Inscription and Notes:
In the vault with Sarah Louisa Terrell, his daughter, and W. Eliza Terrell, his wife
[Inferior Court 1808-1810. Ga House of
Reps 1810-1813. U.S. Congress 1817-1821.
Ga State Senate 1847.]
William Terrell was a physician and planter and played an important role in the advance of Hancock County and Georgia agriculture. Terrell was a founder and first president of the Hancock Planters' Club and in 1854 donated $20,000 to the University of Georgia to endow the nation's first fully endowed professorship of agriculture. An earlier chair at Yale had an endowment of only $5000 (per Forrest Shivers, The Land Between, 1990, p. 80).

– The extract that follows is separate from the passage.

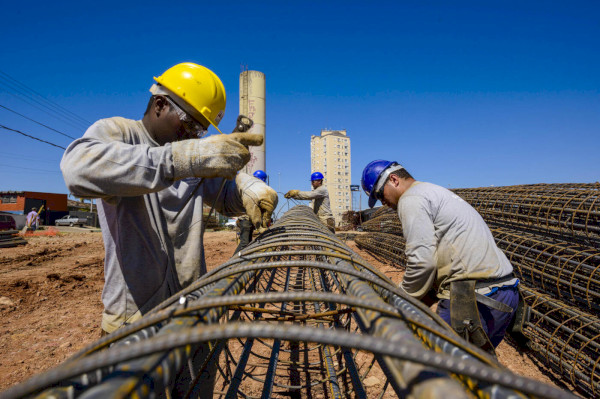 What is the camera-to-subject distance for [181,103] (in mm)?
1797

William Terrell also contributed financial support and was a member of the Board of Advisement for the Sparta Female Model School. Established in 1831, this school adopted teaching methods developed at the Rensselaer School (now Rensselaer Polytechnic) in Troy, New York, through which actual experiments and lectures were conducted by students. The Sparta Female Model School was initially quite successful and drew students from all over Georgia and even a few from Alabama and Florida, but financial and other difficulties forced its relocation to Fort Gaines, Georgia, in 1838. Terrell died in 1855, according to the plaque upon his tomb.
During the Civil War a four-gun battery from Hancock County fought in his honor as the Terrell Light Artillery. Terrell County, Georgia, bears his name.